I used to be quite the golfer. My grandad, being the life member of a noted course in Northern Ireland, coaxed me into taking up the game, and I took it up with a gusto. I’m still not that bad with my mashie niblick today out on the Weymouth pitch and putt, but back in my teens, it was a bit of a steep learning curve.
Large metal clubs? Small round projectile weapons? Entrusted to me by unsuspecting parents? Were they mad? I mean, what possible damage could I do?
I’ll draw a discrete veil over my dad’s greenhouse. It was a one hundred per cent fluky accident. All I was doing was practicing my short game up and down the garden, aiming for the washing line pole. One tremendously skillful shot actually hit the target, but with a little more power than intented. The ricochet resulted in a subsequent loss of pocket money, and a ban on playing round the house. My Uncle Mick (one of those people who cannot drive past a golf course without slowing down to a crawl while saying “Oooh! Golf!”) actually practiced by chipping balls over his house. Woe betide anyone coming up the driveway...
It was decided, therefore, that I should go on a golfing holiday. Not only that, my parents could kill several birds with one stone by sending me over to Ireland to stay with my golf-mad grandparents and have me out of the house for a couple of weeks. They even gave me spending money. Lots of it, and my green fees would be covered for the whole holiday. They even lay on a golfing partner - a local kid about my age named William by his none-more-Orange parents - to play with. I promised to be on my best behaviour. As if I would let them down.
It was ace. I would meet William at nine in the morning, and we would go round the course again and again until it was time to go home in the evening. Sometimes we’d even manage to complete a hole without hacking it to pieces. William even managed a hole-in-one on the short fourth - a fluke of a shot that went in off a tree, but as there was no adult member around to witness it, the feat existed only in our twisted memories. To celebrate, we fished a load of old balls out of the pond and took turns at whacking them off the sixth tee into the sea of Belfast Lough, no more than thirty yards away.
I had recently become a New Romantic, discovering the delights of the mighty Ultravox and Depeche Mode. I hefted my clubs round the course in the full outfit.
“That long black coat of yours,” said Grandad, “Is costing you two shots a hole.”
Yes, but dammit, I was the coollest kid on the course. Not for me the tartan trousers and the pringle jersey! It was black, black, black, but I did spare the old man’s blushes by going light on the make-up.
On July 29th 1981, William and I had the entire course to ourselves as one Charles Windsor tied the knot with a certain Diana Spencer. We went round four times and then hogged the snooker room until we were kicked out at closing time. Ah, the life of the teenage hustler.
But fifteen-year-old William had more than one love. He loved his golf and his snooker, but more than both he loved Mary. Mary was the seventeen-year-old daughter of the club captain, a glorious young lady of those certain proportions that they only make in Ireland, who made William walk like he had two overripe plums dangling between his legs.

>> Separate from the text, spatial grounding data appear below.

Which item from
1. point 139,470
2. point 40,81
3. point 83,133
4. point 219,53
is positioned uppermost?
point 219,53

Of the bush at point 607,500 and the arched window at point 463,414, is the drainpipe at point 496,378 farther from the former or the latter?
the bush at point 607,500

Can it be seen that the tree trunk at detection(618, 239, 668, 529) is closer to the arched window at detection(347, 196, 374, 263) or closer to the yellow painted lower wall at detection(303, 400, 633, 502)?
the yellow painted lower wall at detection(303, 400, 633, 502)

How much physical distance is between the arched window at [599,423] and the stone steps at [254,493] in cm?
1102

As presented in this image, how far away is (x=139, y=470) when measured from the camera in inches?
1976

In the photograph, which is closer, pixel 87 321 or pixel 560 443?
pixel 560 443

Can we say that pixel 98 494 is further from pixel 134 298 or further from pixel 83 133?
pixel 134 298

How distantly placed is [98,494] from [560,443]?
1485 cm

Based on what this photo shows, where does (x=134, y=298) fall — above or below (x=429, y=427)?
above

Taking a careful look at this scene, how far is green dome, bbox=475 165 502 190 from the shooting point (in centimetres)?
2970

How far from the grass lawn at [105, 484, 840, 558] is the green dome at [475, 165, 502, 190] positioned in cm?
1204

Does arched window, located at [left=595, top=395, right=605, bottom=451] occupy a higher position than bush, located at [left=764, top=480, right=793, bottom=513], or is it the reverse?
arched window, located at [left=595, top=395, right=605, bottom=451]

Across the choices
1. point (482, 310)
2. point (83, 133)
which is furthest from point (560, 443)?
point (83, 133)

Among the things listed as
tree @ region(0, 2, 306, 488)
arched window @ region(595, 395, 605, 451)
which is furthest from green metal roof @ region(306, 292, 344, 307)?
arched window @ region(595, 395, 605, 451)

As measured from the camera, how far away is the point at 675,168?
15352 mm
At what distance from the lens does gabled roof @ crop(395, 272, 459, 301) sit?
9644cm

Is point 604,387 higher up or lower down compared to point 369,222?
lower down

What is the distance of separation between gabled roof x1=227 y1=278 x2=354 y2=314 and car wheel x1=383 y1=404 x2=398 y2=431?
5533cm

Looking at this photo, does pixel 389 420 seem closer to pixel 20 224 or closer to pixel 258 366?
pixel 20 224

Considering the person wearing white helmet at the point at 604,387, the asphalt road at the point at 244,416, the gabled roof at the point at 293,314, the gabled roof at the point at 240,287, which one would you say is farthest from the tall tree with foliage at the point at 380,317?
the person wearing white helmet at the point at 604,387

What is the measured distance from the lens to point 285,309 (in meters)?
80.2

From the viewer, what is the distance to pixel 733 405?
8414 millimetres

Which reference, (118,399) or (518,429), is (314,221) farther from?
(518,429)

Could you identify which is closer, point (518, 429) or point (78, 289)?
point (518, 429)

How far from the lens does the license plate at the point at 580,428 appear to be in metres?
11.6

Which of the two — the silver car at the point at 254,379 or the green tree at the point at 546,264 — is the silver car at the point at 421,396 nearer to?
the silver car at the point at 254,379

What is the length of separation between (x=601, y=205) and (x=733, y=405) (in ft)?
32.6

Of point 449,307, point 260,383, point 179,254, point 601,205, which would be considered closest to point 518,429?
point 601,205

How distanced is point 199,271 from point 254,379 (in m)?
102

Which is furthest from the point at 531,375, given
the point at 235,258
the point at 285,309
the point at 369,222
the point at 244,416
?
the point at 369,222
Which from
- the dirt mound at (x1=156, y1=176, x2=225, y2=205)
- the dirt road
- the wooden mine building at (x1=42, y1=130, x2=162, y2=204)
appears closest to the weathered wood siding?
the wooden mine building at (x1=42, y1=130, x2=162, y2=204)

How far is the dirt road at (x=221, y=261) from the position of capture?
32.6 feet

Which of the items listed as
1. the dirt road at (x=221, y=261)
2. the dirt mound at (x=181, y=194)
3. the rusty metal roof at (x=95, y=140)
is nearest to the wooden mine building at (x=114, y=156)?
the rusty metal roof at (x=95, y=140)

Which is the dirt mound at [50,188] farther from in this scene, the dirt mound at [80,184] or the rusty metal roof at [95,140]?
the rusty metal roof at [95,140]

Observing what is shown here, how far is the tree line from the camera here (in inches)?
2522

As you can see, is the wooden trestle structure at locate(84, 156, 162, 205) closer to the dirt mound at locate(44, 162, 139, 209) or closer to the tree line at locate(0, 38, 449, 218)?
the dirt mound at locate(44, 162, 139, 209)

Which he did. She was a golfing goddess, whose very presence on the course would have William a quivering mess, desperate to impress his true love with his prowess. It would have been easier, in retrospect, jut to ask her out.

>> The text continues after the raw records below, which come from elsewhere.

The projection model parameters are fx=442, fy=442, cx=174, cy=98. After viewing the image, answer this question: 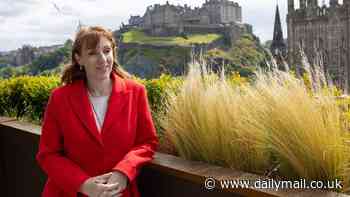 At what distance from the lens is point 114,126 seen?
2.07 meters

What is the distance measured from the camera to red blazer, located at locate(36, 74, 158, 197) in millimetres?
2020

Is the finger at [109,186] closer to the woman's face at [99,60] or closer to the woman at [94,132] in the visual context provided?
the woman at [94,132]

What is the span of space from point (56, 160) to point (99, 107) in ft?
1.05

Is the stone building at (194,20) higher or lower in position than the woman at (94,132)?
higher

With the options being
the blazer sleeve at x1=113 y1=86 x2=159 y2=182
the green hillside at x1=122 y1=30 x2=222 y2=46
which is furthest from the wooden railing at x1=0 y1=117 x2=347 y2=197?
the green hillside at x1=122 y1=30 x2=222 y2=46

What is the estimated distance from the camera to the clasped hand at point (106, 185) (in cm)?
192

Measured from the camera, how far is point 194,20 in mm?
86375

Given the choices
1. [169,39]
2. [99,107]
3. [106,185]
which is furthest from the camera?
[169,39]

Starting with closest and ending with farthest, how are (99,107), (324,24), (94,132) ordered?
(94,132)
(99,107)
(324,24)

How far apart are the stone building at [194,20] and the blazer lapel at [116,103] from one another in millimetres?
76953

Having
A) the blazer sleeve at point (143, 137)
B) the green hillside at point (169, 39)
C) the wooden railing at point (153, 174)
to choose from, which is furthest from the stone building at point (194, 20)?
the blazer sleeve at point (143, 137)

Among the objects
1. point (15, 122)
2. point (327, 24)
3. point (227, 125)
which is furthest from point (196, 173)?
point (327, 24)

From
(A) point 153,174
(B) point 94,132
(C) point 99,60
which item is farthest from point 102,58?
(A) point 153,174

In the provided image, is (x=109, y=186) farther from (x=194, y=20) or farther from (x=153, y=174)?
(x=194, y=20) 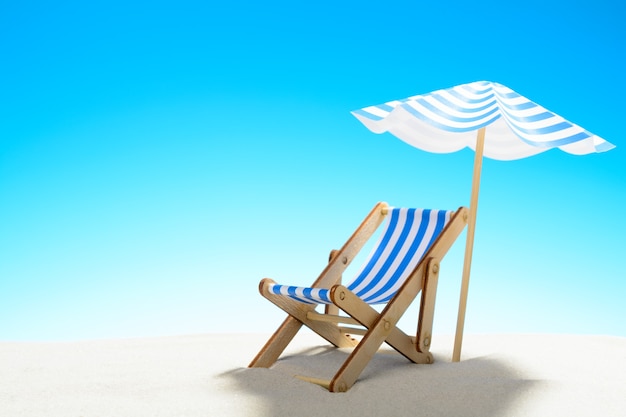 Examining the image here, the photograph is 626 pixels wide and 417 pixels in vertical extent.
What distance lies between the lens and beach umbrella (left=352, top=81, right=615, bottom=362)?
151 inches

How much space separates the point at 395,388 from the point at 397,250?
44.5 inches

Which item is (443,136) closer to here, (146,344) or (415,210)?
(415,210)

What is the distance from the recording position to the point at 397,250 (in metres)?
4.41

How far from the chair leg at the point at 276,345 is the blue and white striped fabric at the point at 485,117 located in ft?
4.31

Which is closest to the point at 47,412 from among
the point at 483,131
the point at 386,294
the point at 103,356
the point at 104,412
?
the point at 104,412

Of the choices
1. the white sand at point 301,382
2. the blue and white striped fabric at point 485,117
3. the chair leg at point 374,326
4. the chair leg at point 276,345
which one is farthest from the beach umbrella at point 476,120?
the chair leg at point 276,345

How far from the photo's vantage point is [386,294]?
3.96 metres

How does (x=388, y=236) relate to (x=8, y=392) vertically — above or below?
above

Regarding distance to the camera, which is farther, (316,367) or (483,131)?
(483,131)

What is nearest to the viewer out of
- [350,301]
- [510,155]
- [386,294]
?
[350,301]

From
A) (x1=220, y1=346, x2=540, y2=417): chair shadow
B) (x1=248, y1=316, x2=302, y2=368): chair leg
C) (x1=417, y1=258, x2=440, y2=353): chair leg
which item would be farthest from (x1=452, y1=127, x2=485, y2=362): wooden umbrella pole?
(x1=248, y1=316, x2=302, y2=368): chair leg

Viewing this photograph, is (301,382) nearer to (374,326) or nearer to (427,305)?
(374,326)

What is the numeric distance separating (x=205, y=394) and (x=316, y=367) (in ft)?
3.04

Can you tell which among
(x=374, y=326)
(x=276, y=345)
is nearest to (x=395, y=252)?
(x=374, y=326) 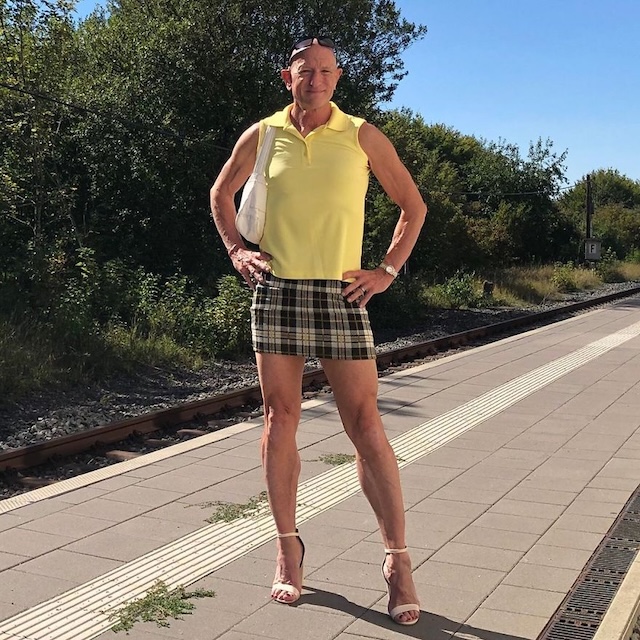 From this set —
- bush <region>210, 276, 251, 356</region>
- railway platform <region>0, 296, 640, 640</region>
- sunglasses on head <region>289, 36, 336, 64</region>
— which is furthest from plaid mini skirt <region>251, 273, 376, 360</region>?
bush <region>210, 276, 251, 356</region>

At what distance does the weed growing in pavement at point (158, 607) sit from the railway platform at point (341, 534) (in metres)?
0.04

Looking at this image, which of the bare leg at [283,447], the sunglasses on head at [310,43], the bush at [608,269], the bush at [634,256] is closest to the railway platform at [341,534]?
the bare leg at [283,447]

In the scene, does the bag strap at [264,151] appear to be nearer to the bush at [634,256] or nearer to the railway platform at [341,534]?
the railway platform at [341,534]

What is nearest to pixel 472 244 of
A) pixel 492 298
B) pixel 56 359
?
pixel 492 298

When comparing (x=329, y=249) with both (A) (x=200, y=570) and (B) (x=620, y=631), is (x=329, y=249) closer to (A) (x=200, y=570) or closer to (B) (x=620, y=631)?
(A) (x=200, y=570)

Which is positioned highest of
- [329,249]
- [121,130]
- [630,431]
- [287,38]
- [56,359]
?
[287,38]

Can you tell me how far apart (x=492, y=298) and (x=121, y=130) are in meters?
12.7

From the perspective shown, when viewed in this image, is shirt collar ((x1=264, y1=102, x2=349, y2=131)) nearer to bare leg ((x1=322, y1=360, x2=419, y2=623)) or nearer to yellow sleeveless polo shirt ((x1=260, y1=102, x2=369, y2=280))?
yellow sleeveless polo shirt ((x1=260, y1=102, x2=369, y2=280))

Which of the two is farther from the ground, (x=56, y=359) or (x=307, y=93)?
(x=307, y=93)

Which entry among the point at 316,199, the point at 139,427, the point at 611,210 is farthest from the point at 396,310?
the point at 611,210

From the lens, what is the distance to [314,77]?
11.2 ft

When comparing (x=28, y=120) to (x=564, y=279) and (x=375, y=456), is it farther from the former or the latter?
(x=564, y=279)

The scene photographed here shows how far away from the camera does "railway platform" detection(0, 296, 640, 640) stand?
3.55 m

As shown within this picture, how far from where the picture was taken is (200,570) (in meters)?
4.07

With Mary and her old man waiting behind us, William teed up to drive off the first. A bag of nerves, he focused on the ball, Mary’s chest, the ball, Mary’s legs, the ball, his balls and then back on the ball again. With a silent prayer, he let fly with a mighty not-quite-in-the-manual swing and thrashed the ball straight down the middle of the fairway. In his dreams. In fact, the ball flew fifty yards straight up in the air, perched at the top of its arc, and landed three feet away from his feet, taunting him with its “Stolen from Downpatrick Driving Range” label. Clenching and unclenching his fists, a man defeted, he let his true love play through. Whether this was to hide his embarrassment, or just to watch her arse was never made clear, but a bit of both, I should imagine.

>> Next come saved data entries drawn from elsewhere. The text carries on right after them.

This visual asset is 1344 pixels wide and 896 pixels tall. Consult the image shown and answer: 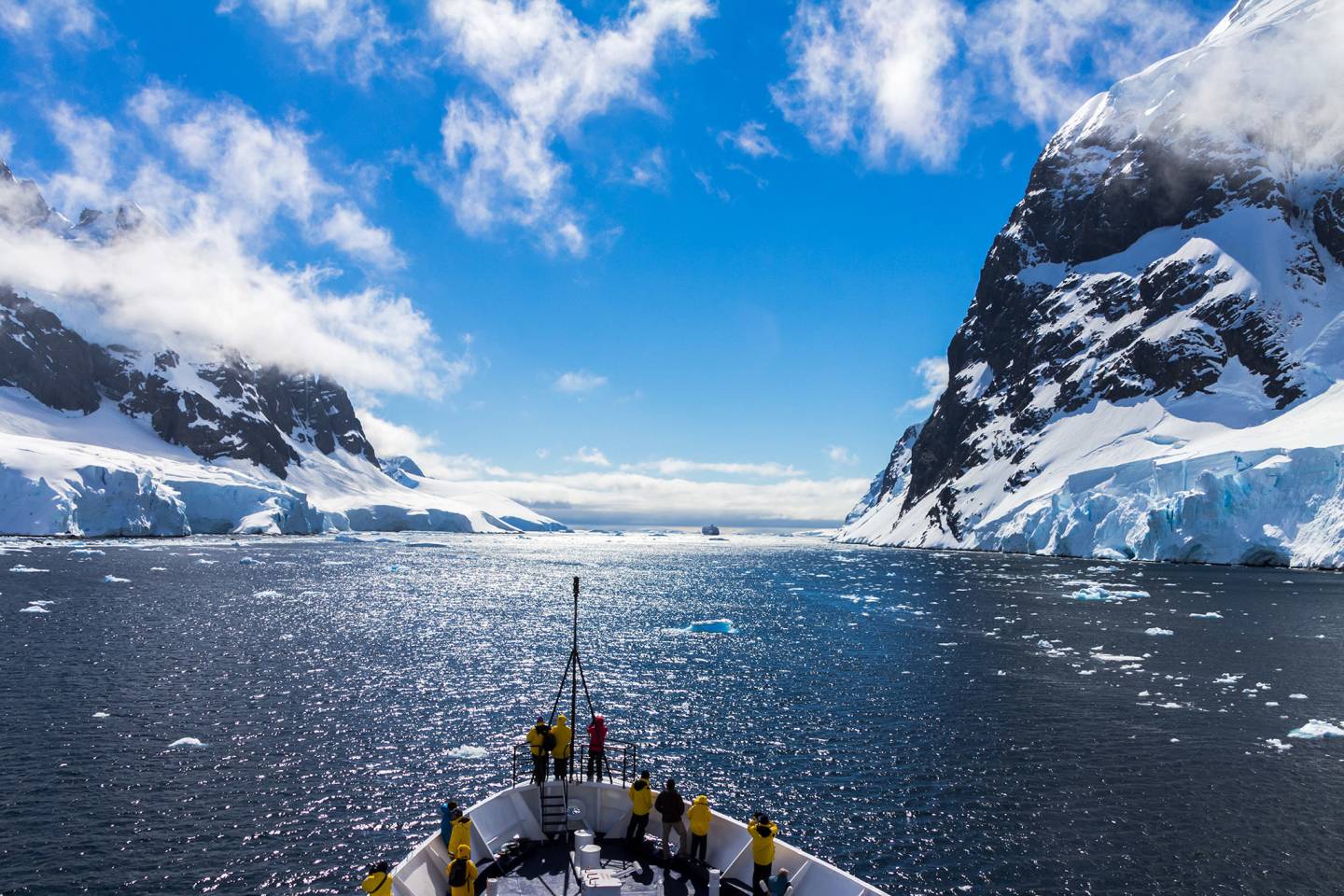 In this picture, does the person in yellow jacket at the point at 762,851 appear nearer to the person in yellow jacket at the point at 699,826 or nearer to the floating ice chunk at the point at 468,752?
the person in yellow jacket at the point at 699,826

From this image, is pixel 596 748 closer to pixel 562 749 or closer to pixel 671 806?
pixel 562 749

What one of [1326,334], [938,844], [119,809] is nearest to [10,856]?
[119,809]

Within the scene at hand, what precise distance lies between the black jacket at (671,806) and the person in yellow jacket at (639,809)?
18.8 inches

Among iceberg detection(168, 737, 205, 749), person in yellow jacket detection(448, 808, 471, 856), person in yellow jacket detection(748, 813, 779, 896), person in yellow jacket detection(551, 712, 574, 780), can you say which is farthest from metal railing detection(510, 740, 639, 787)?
iceberg detection(168, 737, 205, 749)

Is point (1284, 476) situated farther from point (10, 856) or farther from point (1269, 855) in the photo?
point (10, 856)

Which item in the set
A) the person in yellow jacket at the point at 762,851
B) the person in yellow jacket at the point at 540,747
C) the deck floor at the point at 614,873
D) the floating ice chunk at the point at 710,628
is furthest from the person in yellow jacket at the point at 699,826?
the floating ice chunk at the point at 710,628

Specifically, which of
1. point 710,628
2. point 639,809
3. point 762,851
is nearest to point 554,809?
point 639,809

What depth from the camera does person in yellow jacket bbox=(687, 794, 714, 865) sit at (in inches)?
696

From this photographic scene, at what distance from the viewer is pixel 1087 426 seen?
169 m

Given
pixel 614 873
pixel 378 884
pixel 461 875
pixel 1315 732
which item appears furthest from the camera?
pixel 1315 732

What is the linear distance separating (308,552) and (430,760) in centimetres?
13765

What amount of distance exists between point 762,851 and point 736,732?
18693 mm

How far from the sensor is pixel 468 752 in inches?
1225

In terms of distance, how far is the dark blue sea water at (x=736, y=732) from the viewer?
21.9m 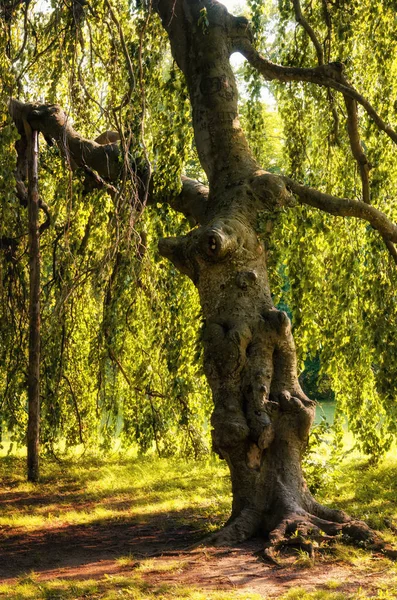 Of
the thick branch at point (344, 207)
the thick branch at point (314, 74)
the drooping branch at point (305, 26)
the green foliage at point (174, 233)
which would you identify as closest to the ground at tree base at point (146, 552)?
the green foliage at point (174, 233)

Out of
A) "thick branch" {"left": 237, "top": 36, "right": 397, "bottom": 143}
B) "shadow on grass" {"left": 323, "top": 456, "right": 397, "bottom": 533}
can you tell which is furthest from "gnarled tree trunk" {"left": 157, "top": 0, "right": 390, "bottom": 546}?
"shadow on grass" {"left": 323, "top": 456, "right": 397, "bottom": 533}

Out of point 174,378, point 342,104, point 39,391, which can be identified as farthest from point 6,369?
point 342,104

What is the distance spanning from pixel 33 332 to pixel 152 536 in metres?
2.70

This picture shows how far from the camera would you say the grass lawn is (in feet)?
10.9

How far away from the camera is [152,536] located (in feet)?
16.0

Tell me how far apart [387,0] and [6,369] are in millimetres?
4557

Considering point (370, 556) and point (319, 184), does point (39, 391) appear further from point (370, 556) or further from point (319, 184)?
point (370, 556)

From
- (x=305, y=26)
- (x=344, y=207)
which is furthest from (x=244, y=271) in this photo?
(x=305, y=26)

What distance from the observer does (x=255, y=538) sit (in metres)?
4.05

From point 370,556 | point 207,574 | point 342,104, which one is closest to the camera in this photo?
point 207,574

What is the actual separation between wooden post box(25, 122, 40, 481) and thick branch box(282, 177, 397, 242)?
274cm

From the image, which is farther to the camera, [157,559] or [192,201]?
[192,201]

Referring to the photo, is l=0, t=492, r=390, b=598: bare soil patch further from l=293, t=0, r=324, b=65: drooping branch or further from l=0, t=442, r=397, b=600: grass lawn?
l=293, t=0, r=324, b=65: drooping branch

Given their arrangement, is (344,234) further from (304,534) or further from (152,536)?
(304,534)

We watched them disappear down the first fairway. Her dad hit a sparkling drive, and she followed suit, both finishing off with respectable par fours. I could watch her bending over to pick her ball out of the hole all day, and I did. Then it was our turn. I got there in seven. William, still shitting bricks, finally holed out for twelve after playing bagatelle with a few trees, a rabbit hole and a water hazard that no-one had noticed before. Onwards to the second.
My drive bumped and rattled up the hill, a whole fifty yards, with a huge divot of grass and mud actually managing to go further. With the object of his affection just reaching the green, William managed to keep the ball on the island and hit one right up the middle. We strutted after our balls. Another three scuffed shots and we were within a hundred yards or so from the green. A couple of halfway decent, if rather weedy, hits would see us within chipping distance, so we went for it. William did exactly that, and scooped one into a bunker some twenty yards short.
Then it was my turn. I addressed the ball, swung, and fully expected to top the thing and see it scuttling along the gound, yard by yard, on its merry way to the target. Except I didn’t. I caught it full on the meat of the club, and gave it a full-on thwack that would have had Nick Faldo in orgasms, even before he started messing about with his Fanny.
One thing rapidly became clear - there was no way on God’s Earth that my little white ball of fury was going to stop before it hit the green. This one was going like the clappers - a greenhouse killer, if you like. And right in its path stood Mary and her scary dad, the club captain who drove a huge Volvo and probably ate fifteen-year-old hackers for breakfast, using their smashed golf clubs as a toothpick.
“FORE!” I shouted.
Except it came out “........fore.......”
“FORE” shouted William.
Except it came out “Get out the fuckin’ way!”
They didn’t get out the fuckin’ way, and the ball bounced once and caught Mary’s Dad right in the middle of his back just as he lined up a crucial putt.
The world stood still. Nothing happened. The ball seemed to stick in the middle of his back, like it was glued there. It dropped onto the green with a barely audible thud. Then, like a grand old tree succumbing to the woodman’s axe, Mary’s Dad keeled over forwards onto his face, his putter pinging away, bent double by the impact of body and ground.
“FORE!” I shouted, rather too late.
For such a calamatous faux pas, things turned out rather better than expected. Despite our initial plan of running away and joining the Navy, we decided to peel the poor bloke off the second green before he damaged the grass in any way, as fatal injuries notwithstanding, it was very poor form to annoy the greenkeeper. Mary’s Dad was rather forgiving about the whole affair, and left us join him and Mary as a foursome. This was a suggestion that turned poor William’s game from just about passable to the equivalent of a hundred monkeys with a hundred toy golf clubs. Eventually, they’ll come up with a round of golf, but you’ll get a whole lot of shit before you do. All he wanted from life was a twosome behind the gazebo on the fifth.
The only words he ever spoke to her were “Can I polish your ball?” while standing by the washer on the eighth tee. She politely declined, and inside he died. Her ball remained unpolished, and he eventually became a nun, such was the depth of his shame.
On the other hand, she said to me “You’re quite the golfer”, and she was allowed to come round to my grandparents’ house -as the captain’s daughter - for Sunday tea; and I accidentally got to see her arse when the door of the downstairs toilet swung open at an inopportune moment. I gave her my phone number. She never rung.
William hated me.
I told him about her arse.
William hated me and tried to force a pitching wedge down my throat.
While this story is based on actual events in the life of Scaryduck, certain identities and venues may have been changed to protect the innocent.